Рабочий, отделавшийся лишь легким испугом, в виде компенсации за пережитое волнение тут же получил от Сергея Павловича «на чай», чем был очень доволен. Оставалось залечить «августейшую рану». За дело взялся «толстяк Сидоров»: тут же растянул портрет императора на мраморном столе и загладил свежие рубцы утюгом. Движения реставратора были столь точны, что все присутствующие невольно поразились его искусству. Как вспоминал впоследствии Добужинский, «после окончательной ретушевки никаких следов не осталось, и казенное учреждение, от которого был получен портрет, так и не узнало о случае и не могло ничего заметить».

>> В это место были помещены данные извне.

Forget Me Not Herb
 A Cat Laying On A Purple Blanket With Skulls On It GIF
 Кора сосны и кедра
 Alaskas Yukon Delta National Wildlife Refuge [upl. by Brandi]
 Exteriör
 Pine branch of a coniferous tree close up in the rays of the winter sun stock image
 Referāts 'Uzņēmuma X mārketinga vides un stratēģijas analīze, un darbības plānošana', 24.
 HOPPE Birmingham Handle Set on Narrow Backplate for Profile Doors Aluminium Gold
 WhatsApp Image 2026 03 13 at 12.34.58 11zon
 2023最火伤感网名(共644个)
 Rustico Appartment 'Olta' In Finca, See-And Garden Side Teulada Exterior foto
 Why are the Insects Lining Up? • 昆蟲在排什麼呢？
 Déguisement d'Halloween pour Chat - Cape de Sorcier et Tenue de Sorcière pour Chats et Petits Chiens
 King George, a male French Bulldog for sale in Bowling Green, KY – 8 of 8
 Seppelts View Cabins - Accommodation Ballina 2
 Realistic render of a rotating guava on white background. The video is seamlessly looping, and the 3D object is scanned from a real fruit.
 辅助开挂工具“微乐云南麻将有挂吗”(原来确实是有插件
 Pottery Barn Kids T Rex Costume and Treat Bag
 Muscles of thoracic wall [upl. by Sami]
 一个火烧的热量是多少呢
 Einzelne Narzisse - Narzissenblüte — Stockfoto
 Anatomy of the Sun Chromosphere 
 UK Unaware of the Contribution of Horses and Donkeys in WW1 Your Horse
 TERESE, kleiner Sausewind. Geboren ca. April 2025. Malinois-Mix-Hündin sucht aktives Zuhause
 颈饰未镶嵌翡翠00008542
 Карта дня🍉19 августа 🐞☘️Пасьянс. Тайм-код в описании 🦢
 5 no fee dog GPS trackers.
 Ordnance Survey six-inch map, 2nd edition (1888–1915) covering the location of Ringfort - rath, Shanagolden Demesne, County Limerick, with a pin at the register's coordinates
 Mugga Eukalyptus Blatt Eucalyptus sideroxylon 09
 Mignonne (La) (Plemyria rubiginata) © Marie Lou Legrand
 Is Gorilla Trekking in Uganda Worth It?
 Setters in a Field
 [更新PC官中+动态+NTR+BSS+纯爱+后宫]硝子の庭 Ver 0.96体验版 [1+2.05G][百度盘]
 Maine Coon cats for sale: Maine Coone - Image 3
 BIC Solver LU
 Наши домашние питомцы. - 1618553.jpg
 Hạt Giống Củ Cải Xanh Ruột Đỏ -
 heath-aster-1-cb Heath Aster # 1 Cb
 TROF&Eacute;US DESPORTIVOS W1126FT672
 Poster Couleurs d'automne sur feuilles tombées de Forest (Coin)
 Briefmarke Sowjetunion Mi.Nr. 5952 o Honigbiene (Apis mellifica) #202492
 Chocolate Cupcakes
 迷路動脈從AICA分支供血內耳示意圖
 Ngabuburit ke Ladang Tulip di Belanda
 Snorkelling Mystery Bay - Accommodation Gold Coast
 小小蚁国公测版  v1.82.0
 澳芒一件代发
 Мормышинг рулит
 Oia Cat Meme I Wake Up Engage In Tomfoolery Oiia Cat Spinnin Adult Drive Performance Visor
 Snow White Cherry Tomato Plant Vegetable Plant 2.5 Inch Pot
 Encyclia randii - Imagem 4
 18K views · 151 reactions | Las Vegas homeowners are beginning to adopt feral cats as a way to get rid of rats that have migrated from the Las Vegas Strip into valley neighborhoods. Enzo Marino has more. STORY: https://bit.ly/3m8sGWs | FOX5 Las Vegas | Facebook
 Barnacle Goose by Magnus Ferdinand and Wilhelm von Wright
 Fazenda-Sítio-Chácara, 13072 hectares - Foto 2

Незадолго до открытия выставки, когда портреты были уже развешаны, привезли собранную по разным дворцам мебель, которая очень оживила выставку. Особое восхищение вызвали самые разные изделия китайских мастеров, привезенные из Екатерингофского дворца, никому ранее не известные. По общему мнению, само декоративное устройство выставки, помимо экспозиции чудесных портретов, с любовью устроенной в Таврическом дворце, могло удовлетворить самый требовательный вкус. Ведь всё здесь было подлинное, выдержанное в стиле, отвечало духу «мирискусников», который еще витал повсюду, несмотря на закрытие выставок и журнала. Несомненным украшением этого грандиозного праздника искусства стали и «мелочи», выполненные Мстиславом Добужинским: маленькие плакаты, обозначавшие в каждом зале представленную в нем эпоху, памятные этикетки на портретах и графических работах. А завершающим аккордом мастера стал большой рисунок на пергаменте, украсивший адрес, который устроители Историко-художественной выставки русских портретов поднесли великому князю Николаю Михайловичу.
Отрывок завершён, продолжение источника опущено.